Proposal Name: Splitting States for Simple Nightshade
Start Date: 2021-07-19
NEP PR: near/NEPs#241
Issue(s): near/NEPs#225 near/nearcore#4419

Summary

This proposal proposes a way to split each shard in the blockchain into multiple shards.

Currently, the near blockchain only has one shard and it needs to be split into eight shards for Simple Nightshade.

Motivation

To enable sharding, specifically, phase 0 of Simple Nightshade, we need to find a way to split the current one shard state into eight shards.

Guide-level explanation

The proposal assumes that all validators track all shards and that challenges are not enabled.

Suppose the new sharding assignment comes into effect at epoch T.

State migration is done at epoch T-1, when the validators for epoch T are catching up states for the next epoch. At the beginning of epoch T-1, they run state sync for the current shards if needed. From the existing states, they build states for the new shards, then apply changes to the new states when they process the blocks in epoch T-1. This whole process runs off-chain as the new states will be not included in blocks at epoch T-1. At the beginning of epoch T, the new validators start to build blocks based on the new state roots.

The change involves three parts.

Dynamic Shards

The first issue to address in splitting shards is the assumption that the current implementation of chain and runtime makes that the number of shards never changes.
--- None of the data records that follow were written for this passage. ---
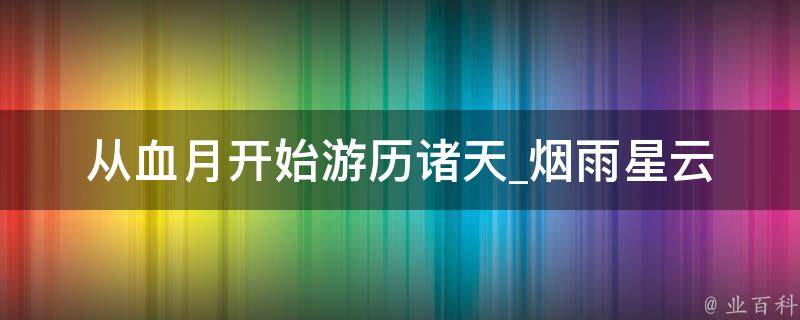 从血月开始游历诸天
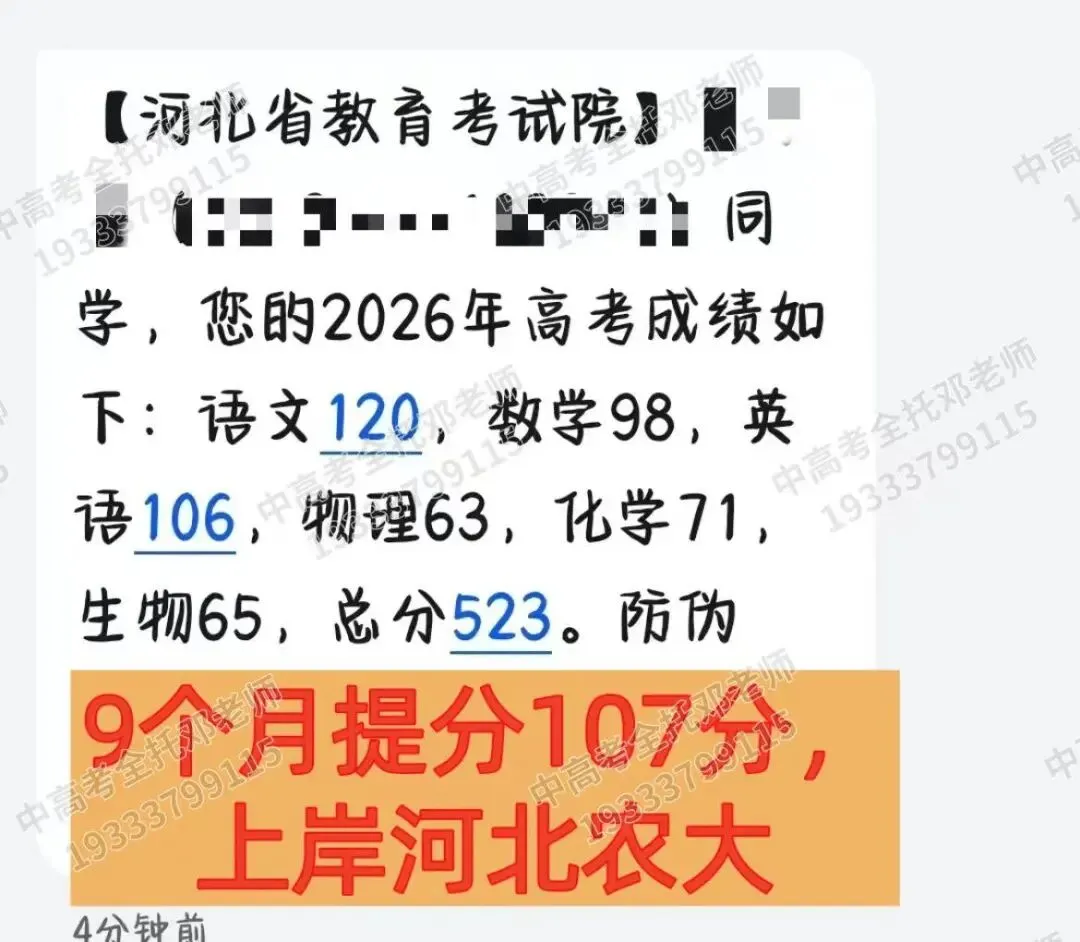 初三/高三全托集训、资深毕业班名师带队,科学冲刺,高效稳提分!-第6张图片-四季读书网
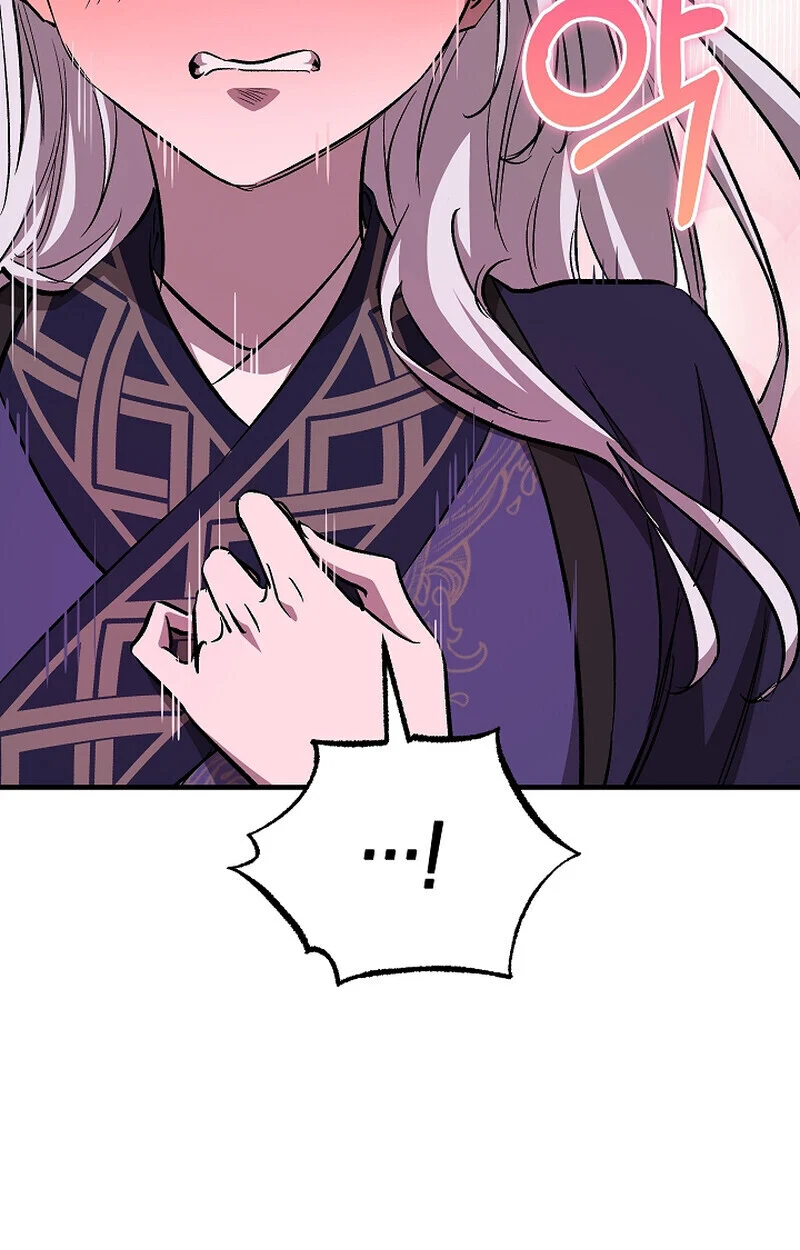 Childhood Friend of the Zenith สหายวัยเยาว์ของข้าแข็งแกร่งที่สุดในใต้หล้า ตอนที่ 70 page 27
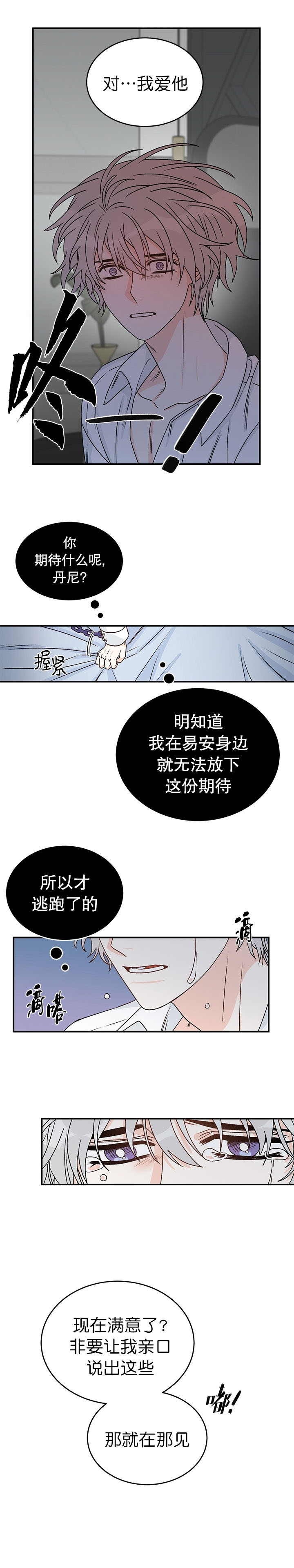 《逐龙》第28话 执念 第6页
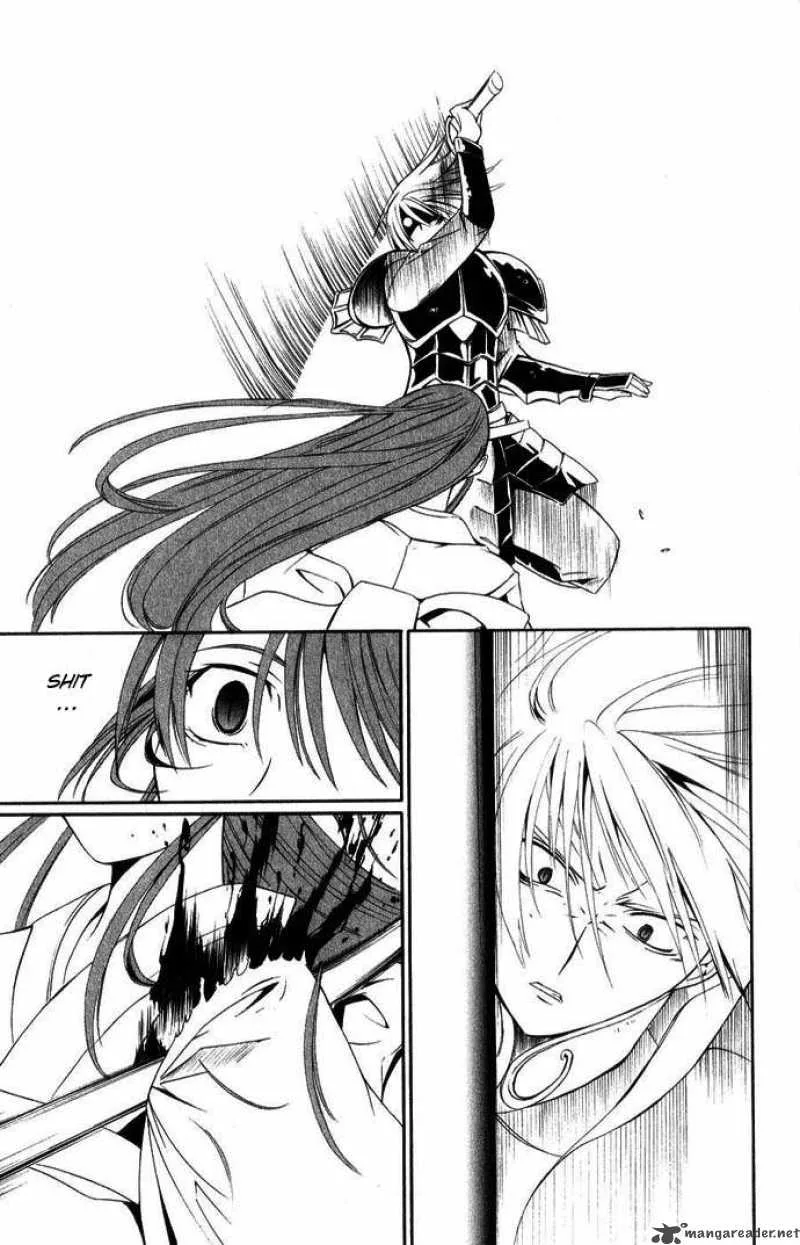 Record of Fallen Vampire Chapter 43 page 26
This in turn involves two parts, how the validators know when and how sharding changes happen and how they store states of shards from different epochs during the transition. The former is a protocol change and the latter only affects validators' internal states.

Protocol Change

Sharding config for an epoch will be encapsulated in a struct ShardLayout, which not only contains the number of shards, but also layout information to decide which account ids should be mapped to which shards. The ShardLayout information will be stored as part of EpochConfig. Right now, EpochConfig is stored in EpochManager and remains static accross epochs. That will be changed in the new implementation so that EpochConfig can be changed according to protocol versions, similar to how RuntimeConfig is implemented right now.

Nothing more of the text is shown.